The best way to try and explain how this classifier works is by way of an example.
If we have a piece of fruit, we can consider that this piece of fruit is an orange if it has the following 3 properties:
* Orange in colour
* Round in shape
* Around 8cm in diameter

A Naive Bayesian Classifier aiming to determine if a piece of fruit is an orange will consider that each of these 3 properties or "features" will contribute independently to the probability that the piece of fruit is an orange. 
Like most things, Naive Bayes has its pros and cons. It is both fast and easily trained however the assumption it makes about every feature being independent isn't always the case and thus is where the naive part came from in its name.

### Training the classifier
Now we have a better understanding of how the Naive Bayesian Classifier works, it is time to train it using a training corpus of preclassified data.

The first step is to transform each entry in the training corpus in to a set of features by seperating each entry, word by word. Below you can see an example of this step using a small, sample corpus and the output it gives.

In [2]:
positive_tweets = [["happy :)", "positive"],["i am very excited!", "positive"],["yay lol, exciting!", "positive"], ["happy time, i have cake!", "positive"], ["this is amazing! :)", "positive"]]
negative_tweets = [["no i am so sad", "negative"], ["my cat just died :(", "negative"], ["Just crashed my car whoops!", "negative"], ["Late for my new job arghh", "negative"], ["I feel like crying!", "negative"]]        

tweets = positive_tweets + negative_tweets

def format_sentence(sent): 
    tokenizer = RegexpTokenizer(r'\w+')
    return {word: True for word in set(tokenizer.tokenize(sent))}

count = 0
for entry in tweets:
    text = entry[0]
    sentiment = entry[1]
    entry = [format_sentence(text), sentiment]
    tweets[count] = entry
    count += 1
    print(entry)

[{'happy': True}, 'positive']
[{'excited': True, 'i': True, 'am': True, 'very': True}, 'positive']
[{'lol': True, 'yay': True, 'exciting': True}, 'positive']
[{'happy': True, 'time': True, 'have': True, 'cake': True, 'i': True}, 'positive']
[{'amazing': True, 'this': True, 'is': True}, 'positive']
[{'i': True, 'sad': True, 'am': True, 'no': True, 'so': True}, 'negative']
[{'my': True, 'died': True, 'cat': True, 'just': True}, 'negative']
[{'Just': True, 'my': True, 'car': True, 'crashed': True, 'whoops': True}, 'negative']
[{'Late': True, 'job': True, 'my': True, 'new': True, 'for': True, 'arghh': True}, 'negative']
[{'crying': True, 'like': True, 'I': True, 'feel': True}, 'negative']

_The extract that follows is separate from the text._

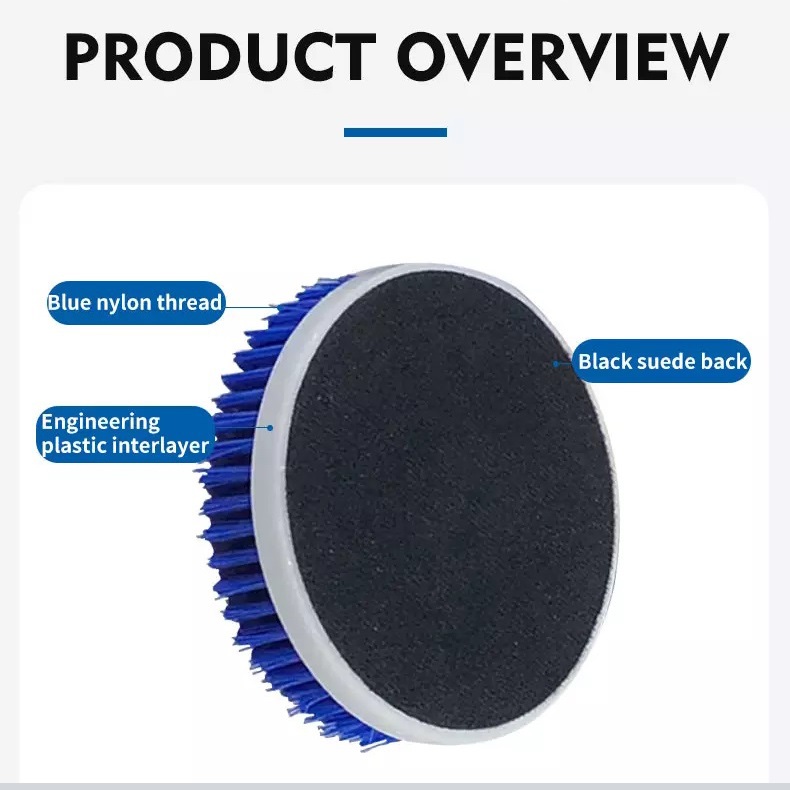 Circular multifunctional cleaning brush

Once we have generated the features for each entry all that is left then is to use them to train the classifier. In code terms this is as straightforward as calling the train method with our tweets.

In [3]:
classifier = nltk.NaiveBayesClassifier.train(tweets)

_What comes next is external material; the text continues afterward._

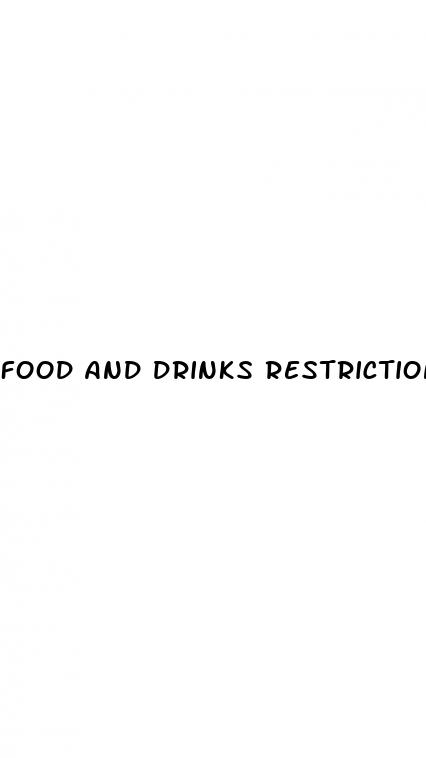 food and drinks restriction while using ed pills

We can represent the overall process in terms of a diagram:


![Bayes diagram](https://www.laurentluce.com/images/blog/nltk/overview.png)
<center>[(Image Source)](https://www.tweetsentiment.co.uk/static/images/bayes.png)</center>


In our example above, the word features and feature extraction steps are combined into a single step which in this case is the method 'format_sentence' from previously.

The classifier uses the prior probability of each label, this is the number of times each label occurs in the training set, and the contribution that each feature provides. 
In our case, the frequency of each label is the same for 'positive' and 'negative'. The word 'amazing' appears in 1 of 5 of the positive tweets and none of the negative tweets. This means that the likelihood of the ‘positive’ label will be multiplied by 0.2 when this word is seen in the analysis input.

### Classifying tweets
Now that we have the classifier trained we can use it to classify tweets pulled from Twitter. Lets try this out for perhaps a trivial example tweet "My hamster just died":

In [4]:
tweet = "My hamster just died"
print('"' + tweet + '"')
predict = classifier.classify(tweet_processing.format_sentence(tweet))
print("Sentiment:", predict)

"My hamster just died"
Sentiment: negative


We can also return the positive and negative sentiment percentages from the classifier for each classification call. 

If the difference is small between the 2 values (Less than 10%) then we say the tweet is of neutral sentiment instead.

In [5]:
dist = classifier.prob_classify(tweet_processing.format_sentence(tweet))

for label in dist.samples():
    if label == 'positive':
        positive = dist.prob(label)
    elif label == 'negative':
        negative = dist.prob(label)
        
if positive - negative < 0.1 and positive - negative > -0.1:
    predict = "neutral"

positive = '%.1d' % (round(positive, 2) * 100) + "%"
negative = '%.1d' % (round(negative, 2) * 100) + "%"
print("Positive:", positive)
print("Negative:", negative)

Positive: 10%
Negative: 90%


When it comes to classification of a tweet, the first step is to break the tweet down in to its features in the same way that we did for our training corpus earlier. Doing this gives us the features of this tweet which we can then pass to the classifier for classification.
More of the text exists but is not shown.